Changing the world ain’t what it’s cracked up to be. What a burden it would be to think that in order for a life to truly count before the Lord someone must do something that has a far-reaching, epoch-sweeping impact that will echo down throughout the ages in connection with their name. Yet far too often it seems as though “changing the world” has become synonymous with “be remembered by people that never knew you” as though true importance is measured by how much impact you have upon those you’ve never met.

Whenever a celebrity dies, there’s an almost ritualistic outpouring of public grief – “2016 can’t get any worse now that Leonard Cohen died.” But the truth is that Leonard Cohen’s presence among the living or the dead has absolutely zero impact upon you. His music, fixed and in the past, might. But the sum total of their deaths is a mere vapor of grief that evaporates away and then is forgotten.

For me, I want to teach my sons to devote their time to doing the things that only they can do. I am the only one who can be a good husband to my wife – to lead her in godliness, to love and to cherish her, to sacrifice and care for her needs. I’m the only one who will be a father to my sons, to teach them what it means to be a man in a confused world, to be willing to suffer outside the camp, to respect others and care for those who are suffering. Others will certainly have influence, but I’m the only Daddy they get. And they need me to be the best kind of Daddy there is.

Far too often we worry about the breadth of our impact and neglect the truth that the real worth is in the depth. If John Piper didn’t exist, I would have simply read other books. If my pastor didn’t exist, I probably wouldn’t have married my wife. This isn’t to deny the way the Lord uses men who do great things. But the cumulative impact of a thousand sermons in my local church has far greater result than books written from afar by a stranger.

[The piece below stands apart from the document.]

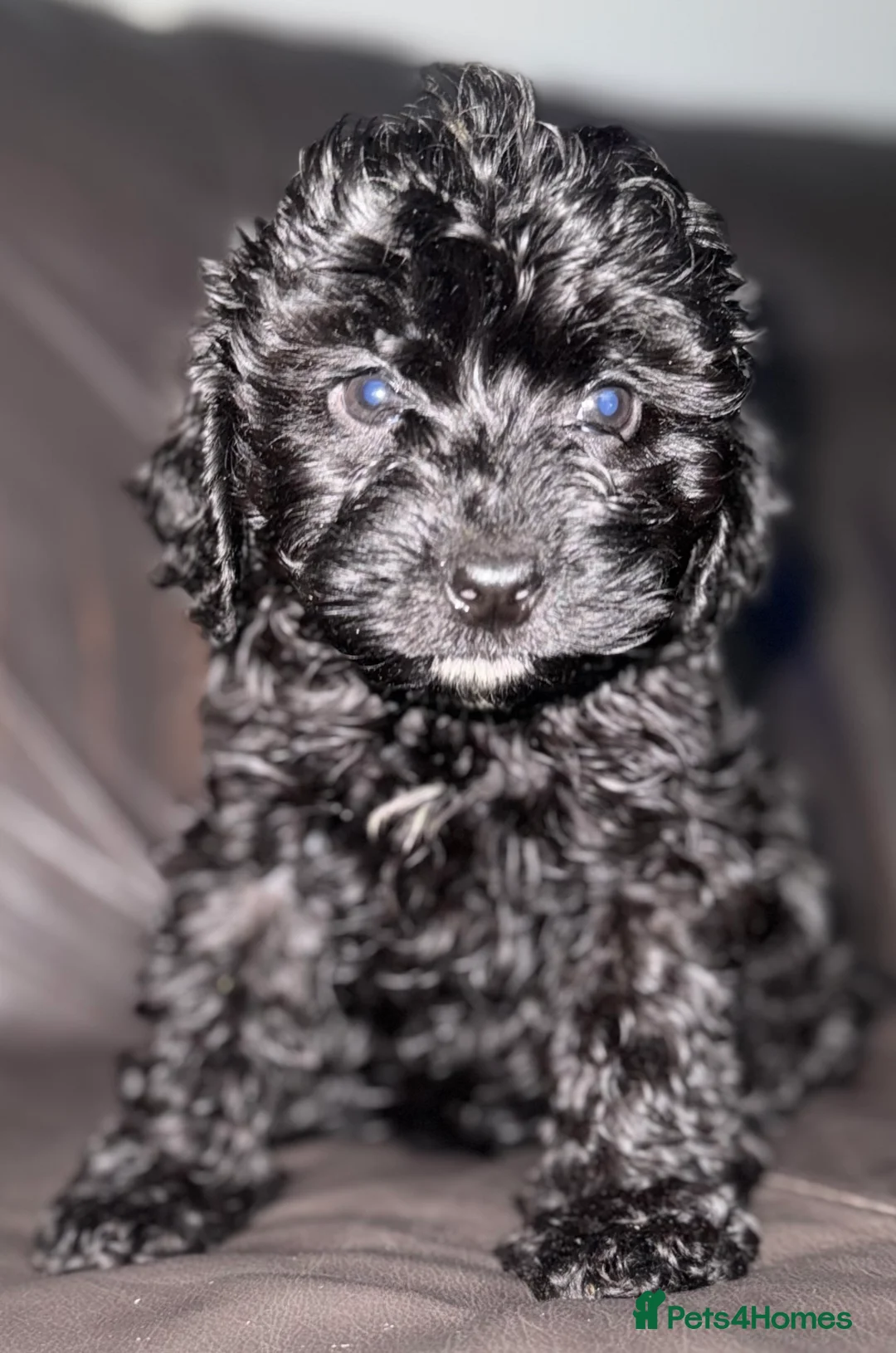 Cockapoo dogs for sale: Beautiful  merle cockapoos  - Advert 22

Even the grandest fame is always localized and temporalized. The name Thomas Edison means nothing in Croatia. But as much as those two concepts undermine fame, they also are the twin realities that give vitality to our ordinary lives. We are meant to be both localized and temporalized as part of God’s design. All of us live in a particular location in a particular moment in time after which we will return to the dust from whence we came. When we succumb to the lie that public importance is the path to spiritual worth we fail to do the very things that God has imbued with spiritual worth. What profit is reaching the world if you’ve never reached your neighbor next door?

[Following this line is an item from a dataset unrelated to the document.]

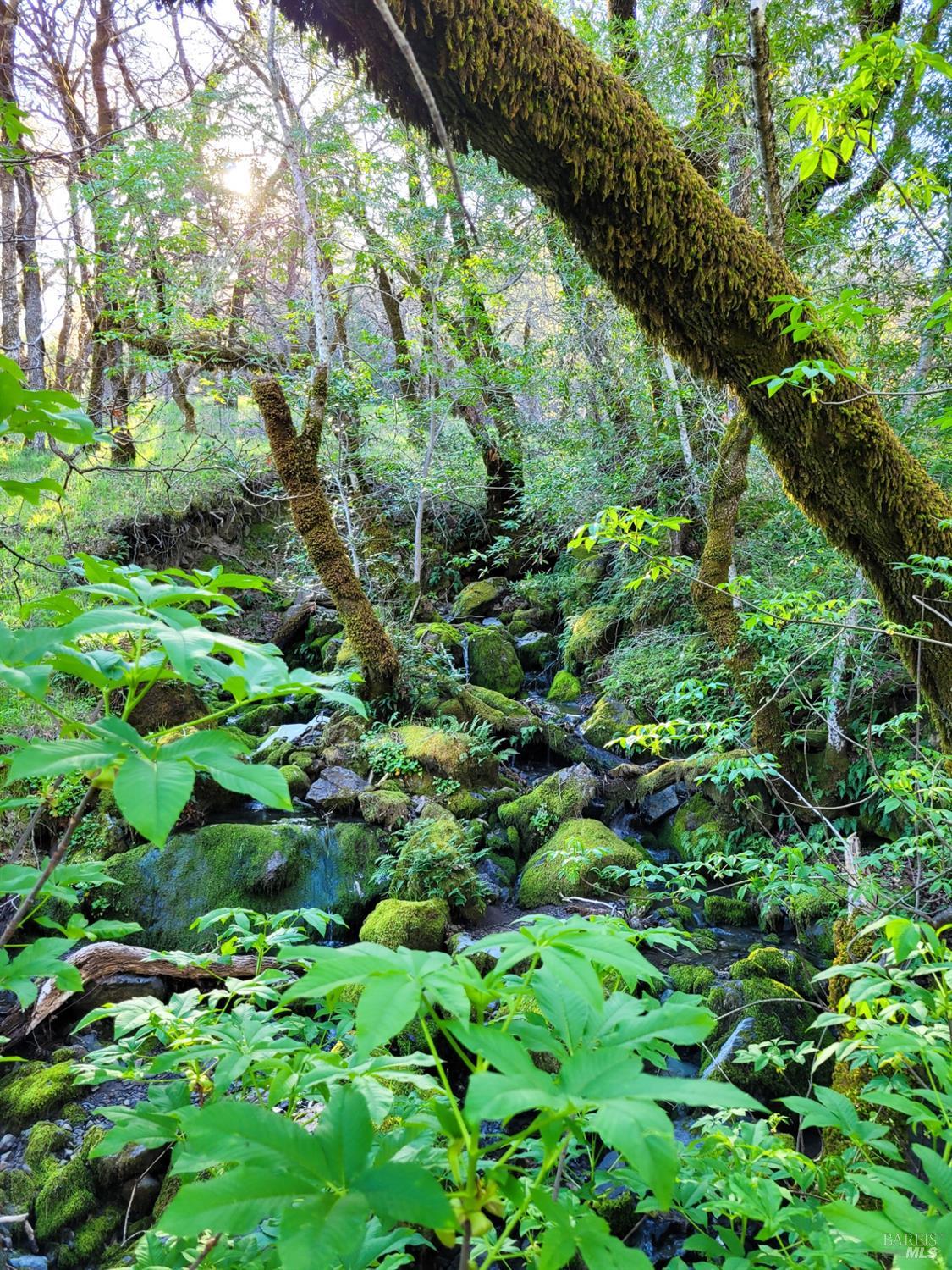 5510-5500 Parducci Road Ukiah, CA 95482 - Photo 91 of 91 picture from 2022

And so, Blaise and Gresham, my prayer for you is not that you’ll be world changers. My prayer for you is that you will faithfully live to make much of Christ in whatever small circle the Lord has placed you in. I pray that you’ll love your church and serve there, love your spouse and children (should God bless you so), care for your aging and hopefully not-too-senile parents, talk about things that matter with your neighbors, and work at your professions to Christ’s honor. And when you go your funeral won’t be televised. There won’t be a storm of vaporously grieving people. But there will be rejoicing in heaven and you’ll hear a phrase used for millions before you and millions after – “Well done, good and faithful servant.”